Less than a year after voters approved some of the strictest rent control measures in the country, the St. Paul, Minnesota, city council appears set to approve exemptions for new construction projects and other reforms opposed by activists.
In a vote of 4-3 on Wednesday, the council approved a series of amendments that will exempt new construction from rent control requirements for 20 years, permit rents to rise in years with high inflation, and allow landlords to reset rents at higher prices once a tenant moves out, Pioneer Press reported.
Activists succeeded in getting rent control on the ballot last year over the objections of the city council. 53% of voters approved capping rent increases at 3% annually, providing no exemptions so that landlords might adapt prices to changing economic conditions.
But amendments were proposed after real estate developers and landlords said they’ve canceled new developments, sold units, or paused housing construction as rent in St. Paul has been unable to keep pace with inflation. According to the city’s director of Planning and Economic Development, St. Paul saw a 31% decrease in the number of new permitted units since the rent control measures were adopted last November.
St. Paul Mayor Melvin Carter convened a 41-member stakeholder task force comprised of developers, landlords, and renters to examine potential changes to the policy. However, the amendments proposed by city council member Chris Tolbert went beyond the recommendations of the task force.
Under Tolbert’s proposal, rent control would not apply to apartments less than 20 years old, which council members said would incentivize new construction. Additionally, landlords would be able to circumvent the 3% cap on increasing rents by “banking” annual increases, which they could apply once a tenant moves out. This “vacancy decontrol” policy would let landlords increase rent beyond the 3% cap once a tenant leaves while incentivizing them to avoid raising rates on current renters.

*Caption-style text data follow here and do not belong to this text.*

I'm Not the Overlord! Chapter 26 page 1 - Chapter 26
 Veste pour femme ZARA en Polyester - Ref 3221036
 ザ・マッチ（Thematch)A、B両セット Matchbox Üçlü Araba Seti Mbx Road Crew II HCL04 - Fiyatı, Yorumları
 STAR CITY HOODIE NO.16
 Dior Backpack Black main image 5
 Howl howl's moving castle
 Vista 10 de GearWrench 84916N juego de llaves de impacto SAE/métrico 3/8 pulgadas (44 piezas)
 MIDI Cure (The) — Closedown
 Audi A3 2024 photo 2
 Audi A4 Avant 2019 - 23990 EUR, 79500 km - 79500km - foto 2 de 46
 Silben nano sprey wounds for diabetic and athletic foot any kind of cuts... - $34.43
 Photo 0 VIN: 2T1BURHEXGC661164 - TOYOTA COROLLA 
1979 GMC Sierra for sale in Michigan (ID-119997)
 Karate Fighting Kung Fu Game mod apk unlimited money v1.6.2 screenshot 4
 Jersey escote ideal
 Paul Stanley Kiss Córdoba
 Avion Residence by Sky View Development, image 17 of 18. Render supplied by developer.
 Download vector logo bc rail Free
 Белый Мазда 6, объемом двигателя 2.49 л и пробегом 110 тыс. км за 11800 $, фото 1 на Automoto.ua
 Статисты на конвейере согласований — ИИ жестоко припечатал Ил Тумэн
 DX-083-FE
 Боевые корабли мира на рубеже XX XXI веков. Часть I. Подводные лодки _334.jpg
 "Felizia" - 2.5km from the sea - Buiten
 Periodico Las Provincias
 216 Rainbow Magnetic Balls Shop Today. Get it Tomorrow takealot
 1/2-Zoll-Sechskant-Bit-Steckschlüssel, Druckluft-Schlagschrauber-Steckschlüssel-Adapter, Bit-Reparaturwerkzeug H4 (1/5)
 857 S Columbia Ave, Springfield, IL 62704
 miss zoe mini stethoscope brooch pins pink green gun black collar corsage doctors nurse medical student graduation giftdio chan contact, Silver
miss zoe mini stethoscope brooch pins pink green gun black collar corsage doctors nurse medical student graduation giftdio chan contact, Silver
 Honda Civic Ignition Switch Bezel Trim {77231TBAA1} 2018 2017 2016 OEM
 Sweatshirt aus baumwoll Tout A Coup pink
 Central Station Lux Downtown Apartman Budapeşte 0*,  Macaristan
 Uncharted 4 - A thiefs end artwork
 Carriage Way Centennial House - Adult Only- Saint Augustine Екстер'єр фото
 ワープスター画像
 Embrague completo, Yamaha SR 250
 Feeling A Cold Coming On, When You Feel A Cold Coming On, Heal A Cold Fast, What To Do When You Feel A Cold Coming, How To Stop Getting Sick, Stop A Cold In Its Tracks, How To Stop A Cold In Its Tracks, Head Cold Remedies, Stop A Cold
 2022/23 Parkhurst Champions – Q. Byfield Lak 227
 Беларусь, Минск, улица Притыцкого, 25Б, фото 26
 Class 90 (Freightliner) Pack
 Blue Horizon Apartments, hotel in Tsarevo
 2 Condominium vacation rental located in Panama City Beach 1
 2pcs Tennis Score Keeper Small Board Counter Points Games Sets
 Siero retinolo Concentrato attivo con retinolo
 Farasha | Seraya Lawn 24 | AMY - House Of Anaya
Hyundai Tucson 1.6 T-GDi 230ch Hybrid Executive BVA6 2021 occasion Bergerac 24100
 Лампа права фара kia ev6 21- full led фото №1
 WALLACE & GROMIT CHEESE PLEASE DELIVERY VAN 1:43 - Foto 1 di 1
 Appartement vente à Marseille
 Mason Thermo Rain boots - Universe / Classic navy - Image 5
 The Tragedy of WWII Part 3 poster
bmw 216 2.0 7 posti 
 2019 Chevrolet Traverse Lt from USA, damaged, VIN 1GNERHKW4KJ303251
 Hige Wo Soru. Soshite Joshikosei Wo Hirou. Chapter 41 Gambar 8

Councilmember Jane Prince said the Tolbert amendments are needed because the current rent control policy puts pressure on landlords to raise rent by the allotted 3% each year.
“I’ve talked to numerous landlords who say, ‘I have tenants I’ve rented to for 5, 10, 15 years. I don’t raise their rents, knowing that when the unit is vacated, I can then raise the rents,’” Prince said, according to Pioneer Press. “We have put landlords in the position where they feel they have to raise the rents 3 percent every year, which is more (than they would have without rent control).”
“Since this passed, it’s been really bad for my ward,” she added. “I immediately lost 100 affordable units when a developer pulled out.”
However, activists claim vacancy decontrol would undermine the entire law and are opposed to the changes. The SEIU MN State Council blasted the proposed amendments in a statement Thursday and called for the mayor to veto the city council if the amendments move forward.
“Our Union, which brings together thousands of low- and middle-income workers in St. Paul in healthcare, home care, property services, and schools, most of whom are renters, has been proud to support rent stabilization … But the drastic change Council Members Prince, Brendmoen, Tolbert and Ballanger voted to approve takes the best part of what has come from all that hard work and guts it altogether from the ordinance,” said Phillip Cryan, executive vice president of SEIU Healthcare Minnesota, and co-chair of the Rent Stabilization Task Force.
He added, “This huge policy change … is appalling, not just because it would be so harmful to renters if it goes into effect, but also because 41 people came together across our many differences and disagreements and worked very hard for several months to make broad-consensus policy recommendations in Mayor Carter’s working group. That group vigorously debated and explicitly rejected the kind of full vacancy decontrol … renters will suffer if this becomes law.”
Most economists agree that government price controls on apartments do more harm than good. Supply and demand theory holds that any sort of price control creates shortages that prevent lower-income individuals from accessing needed goods and services. In the case of rent control, it’s a housing shortage that perversely increases demand for housing and increases rents in other areas.
It’s a lesson that cities like St. Paul are learning the hard way.